Why Shaking Up Seattle's 'Nutcracker' Is So Risky
You take a chance any time you swap out an old favorite for something new.
Make a change during the holiday season and a nonprofit arts group could risk a significant portion of its annual income if tickets don’t sell. But play it safe and there’s the risk of producing stale art.
That was the dilemma facing Pacific Northwest Ballet over its “Nutcracker,” choreographed by Kent Stowell and designed by beloved children’s author/illustrator Maurice Sendak. Since its 1983 premiere, “Nutcracker” has brought in about one-third of the ballet company’s annual ticket sales revenue.

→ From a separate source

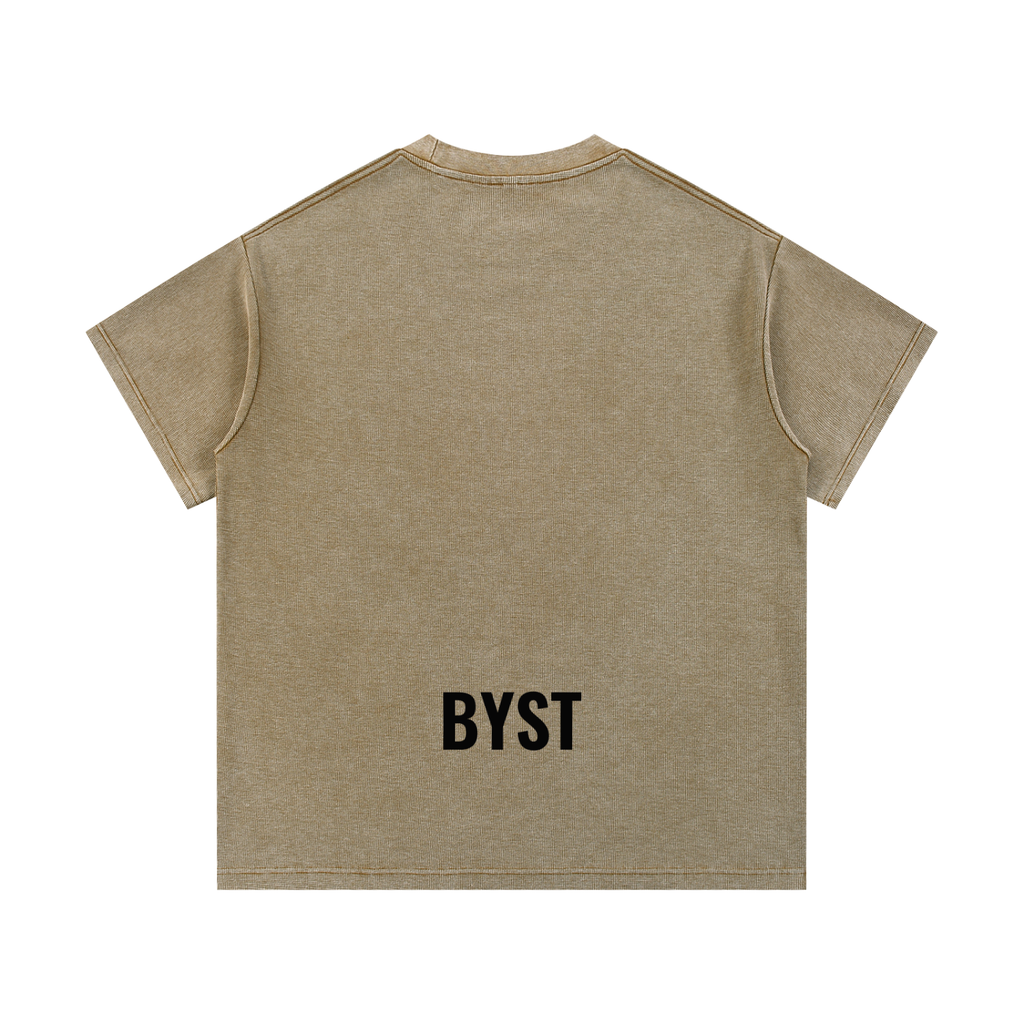 Mineral Washed Waffle Knit Tee- BYST X JESUS IS KING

Sendak’s designs appeared on billboards and decorations across the city, and for many people in the Northwest, the show came to define the holiday season.

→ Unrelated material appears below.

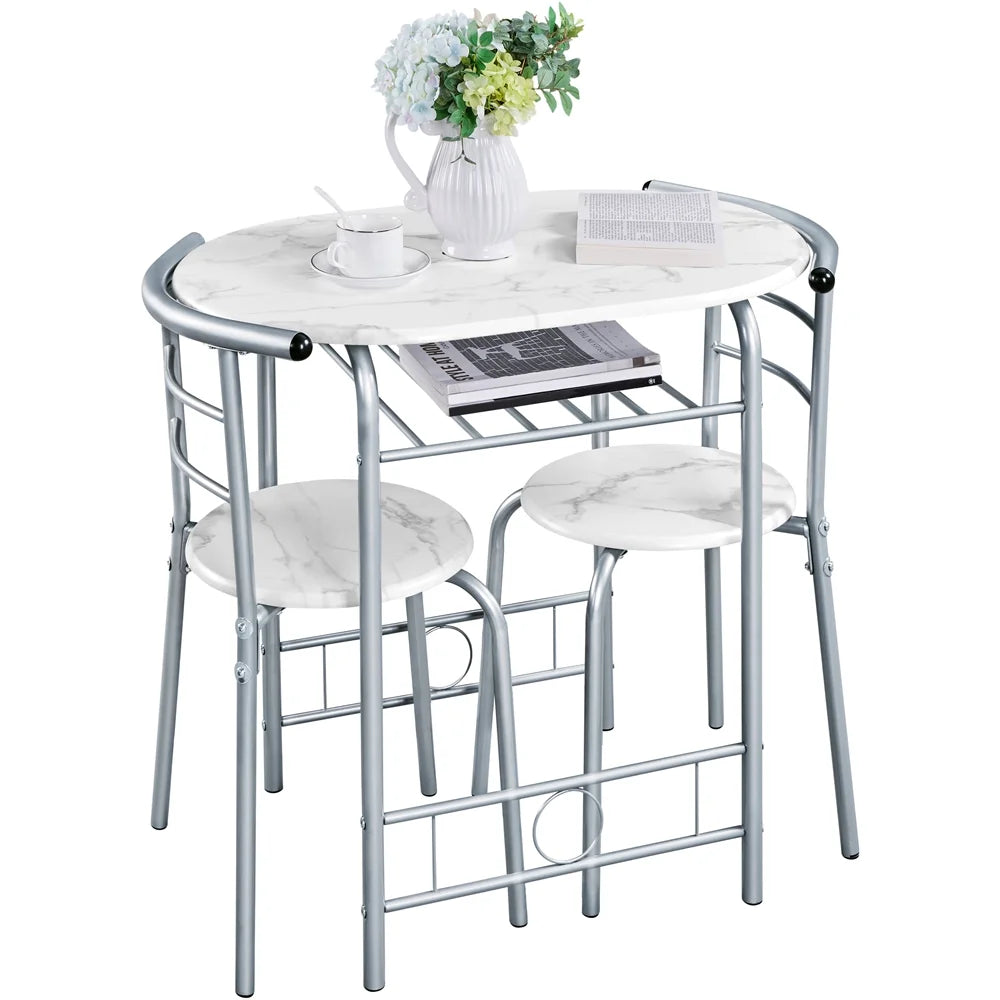 3 Piece Round Dining Table Set with Steel Legs M19220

See Photos: How The New 'Nutcracker' Costumes Were Made
“The Stowell-Sendak “Nutcracker” was beloved by the institution and the community,” PNB Executive Director Ellen Walker says. “And it was very central to our identity as a company.”
So it was a little shocking when PNB announced last year that it would mothball the beloved production.
PNB Artistic Director Peter Boal replaced it with another production of this holiday classic: legendary choreographer George Balanchine’s version, created for his New York City Ballet in 1954.
Walker was PNB’s marketing director when Boal originally broached the idea of swapping one Nutcracker for another. Walker’s task was to try to quantify PNB’s risk if it dropped a sure-fire hit and replaced it with something new to the community.
“I called Boston Ballet, San Francisco Ballet, other ballets who’d either changed Nutcrackers or were contemplating it,” she explains.
Ultimately, PNB’s Board of Directors voted to move ahead with the risky, and very expensive, change.
"George Balanchine’s The Nutcracker” (that’s the official title) is performed by ballet companies across the nation; it’s the version of the holiday classic that Boal saw as a young boy, the ballet that inspired him to become a dancer himself.
Like the Stowell/Sendak version, PNB’s new Nutcracker features designs by a beloved children’s author. In this case, that’s Ian Falconer, creator of the “Olivia” books.
And it features Tchaikovsky’s familiar score. The production opens on Friday.
“Nutcracker” is just one of the big productions that nonprofit arts groups trundle out during the holidays. Not only are shows like “A Christmas Carol” and Handel’s “Messiah” artistic icons, but ticket sales can make up significant portions of these groups’ annual budget.
Kevin Maifeld, director of Seattle University’s Arts Leadership program, says tweaking a holiday classic is a huge risk for a nonprofit.
“People come in the door with certain expectations,” he says, “and you have to land close enough to those expectations that they have a good experience and want to come back next year.”
On the other hand, Maifeld says, many arts groups play it safe; they continue to trot out the tried-and-true production year after year.
He believes publicly funded arts groups have a responsibility to their audiences to reevaluate their relevance on a regular basis.
“You can’t sit back and continue to do what you’ve done,” Maifeld stresses.
From his vantage point, PNB has played all the right cards.
PNB’s Ellen Walker says as opening night draws closer, the ballet company is increasingly excited about the new production.
Right now, weather is the main worry.
Several years back, PNB was forced to cancel a couple of performances because of heavy snow.
“That was rough,” she acknowledges.
This year, she’s crossing her fingers, and consulting every available weather prognosticator.
“So, the Pacific blob people say no snow,” she laughs. “The Farmer’s Almanac says two storms. We’re just gonna go with the blob!”
Pacific Northwest Ballet’s new production of “George Balanchine’s The Nutcracker” runs Nov. 27-Dec. 28 at Marion Oliver McCaw Hall.